The petitioner, William R. Davis, appeals a decision of the New Hampshire Wetlands Council upholding the decision of the New Hampshire Department of Environmental Services (DES) to grant an application of the respondents, Harry Wesson and Kimberly Wesson, for a permit to construct a tidal docking structure on their property. The dock would be 140 feet in length and would allow access to Little Bay for recreational boating. The petitioner argues that the council erred in finding that the proposed project: (1) minimizes environmental impacts; (2) meets the standards applicable to projects in tidal wetland areas; and (3) would not unreasonably affect the value and enjoyment of his property.
RSA chapter 541 governs our review of council decisions. See RSA 21- O:14, III (2020). Under RSA 541:13 (2007), we will not set aside the council’s order except for errors of law, unless we are satisfied, by a clear preponderance of the evidence, that it is unjust or unreasonable. The council’s findings of fact are presumed prima facie lawful and reasonable. RSA 541:13. In reviewing the council’s findings, our task is not to determine whether we would have found differently or to reweigh the evidence, but, rather, to determine whether the findings are supported by competent evidence in the record. Appeal of Michele, 168 N.H. 98, 105 (2015). We review the council’s rulings on issues of law de novo. Id.
At the outset, we address the respondents’ argument that the council lacked jurisdiction. This argument is based upon the respondents’ assertion that the petitioner’s appeal from DES’s decision was untimely. Any person aggrieved by a DES decision may appeal to the council within 30 days of the date of the decision. See RSA 482-A:10 (Supp. 2019); RSA 21-O:14, I-a(a) (2020). The council found that the date of DES’s decision was September 5, 2018, and that the petitioner’s appeal, filed on October 5, 2018, was, therefore, timely. Because there is evidence in the record to support the council’s finding, we conclude that the council had jurisdiction. See Appeal of Michele, 168 N.H. at 105. The petitioner first argues that the respondents’ proposed project does not minimize environmental impacts, and that there is an alternative design that would have less impact on wetlands. Wetlands regulations require an applicant to minimize unavoidable environmental impacts, and to demonstrate that the proposed project is designed to have the least impact to wetlands. See N.H. Admin. Rules, Env Wt 302.03 and Env-Wt 302.04(d)(1).

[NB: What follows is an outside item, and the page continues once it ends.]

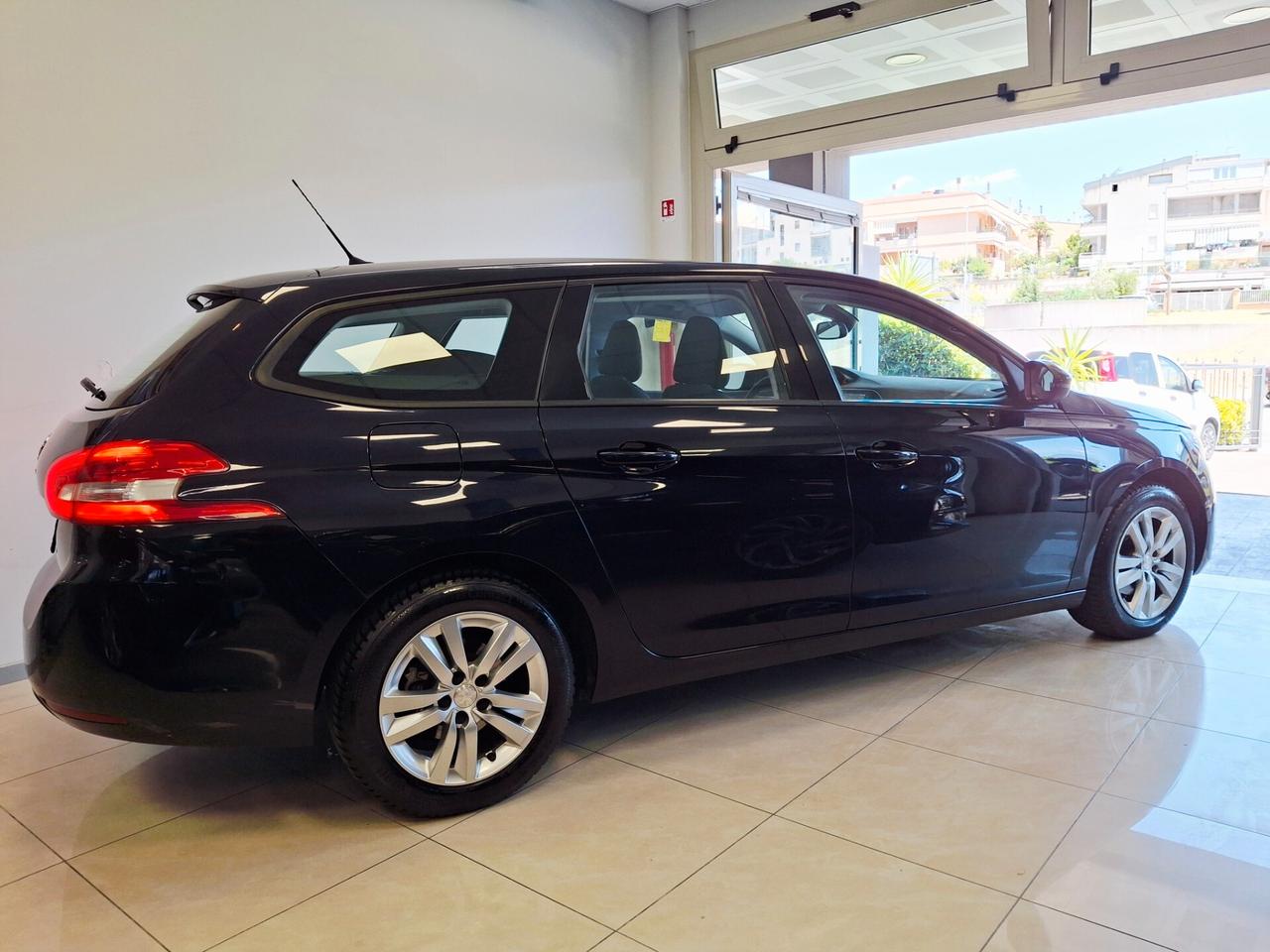 Peugeot 308 BlueHDi 120 S&S SW Business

The petitioner argues that his expert provided evidence that the respondents’ needs could be met with a dock that is 42 feet shorter, in a location that would have less environmental impact. However, DES found the respondents’ proposal to be the alternative with the least environmental impact because the dock is the shortest length necessary to keep the floats out of the mud at low tide, thereby minimizing disruption to sediments underlying the dock. The record shows that the petitioner’s proposal for a shorter dock would regularly have the floats and any docked boats resting on the mud, causing a greater environmental impact. The petitioner acknowledged that his proposal would result in boats occasionally resting in the mud. We conclude that the council’s findings—that the project minimizes environmental impacts and has the least impact on wetlands—are supported by the record. See Appeal of Michele, 168 N.H. at 105.
The petitioner argues that the record lacks support for the council’s findings because neither DES nor the respondents introduced evidence at the hearing to rebut his expert’s opinions. However, the record shows that the petitioner introduced the respondents’ expert report and DES’s findings as exhibits at the hearing. Moreover, the council was not compelled to accept the opinions of the petitioner’s expert. See Appeal of Old Dutch Mustard Co., 166 N.H. 501, 513 (2014).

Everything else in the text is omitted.